To return to the islets. Harry, from the first, had seen that every thing depended on his remaining motionless. As the people of the brig were partly in shadow, he could not, and did not, fully understand how completely he was himself exposed, in consequence of the brightness of all around him, and he had at first hoped to be mistaken for some accidental resemblance to a man. His nerves were well tried by the use of the fowling-piece, but they proved equal to the necessities of the occasion. But, when an answering report came from the rear, or from the opposite side of the islet, he darted round the tower, as much taken by surprise, and overcome by wonder, as any one else who heard it.

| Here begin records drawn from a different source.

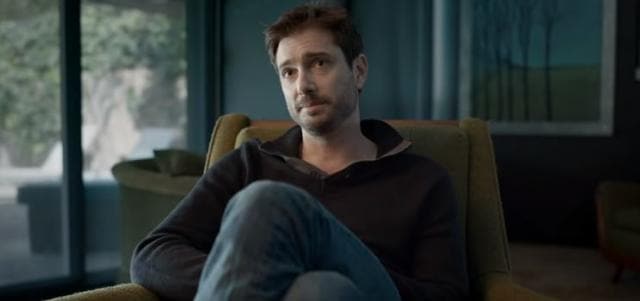 Jimmy Savechuck in a still from Leaving Neverland.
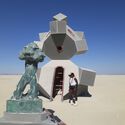 10 instalaciones y pabellones que se presentaron en Burning Man 2023 - Imagen 26 de 46
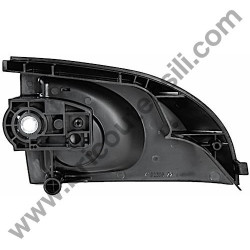 Coperchio Pignone Completo per Elettrosega Makita UC3020A - 1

It was this rapid movement which caused his flight to be unnoticed, all the men of the brig dodging below their own bulwarks at that precise instant.

As the light-house was now between the mate and the brig, he had no longer any motive for trying to conceal himself. His first thought was of Rose, and, strange as it may seem, for some little time he fancied that she had found a musket in the dwelling and discharged it, in order to aid his escape. The events had passed so swiftly that there was no time for the cool consideration of any thing, and it is not surprising that some extravagances mingled with the first surmises of all these.

On reaching the door of the house, therefore, Harry was by no means surprised at seeing Rose standing in it, gazing at the swiftly receding brigantine. He even looked for the musket, expecting to see it lying at her feet, or leaning against the wall of the building. Rose, however, was entirely unarmed, and as dependent on him for support as when he had parted from her, an hour or two before.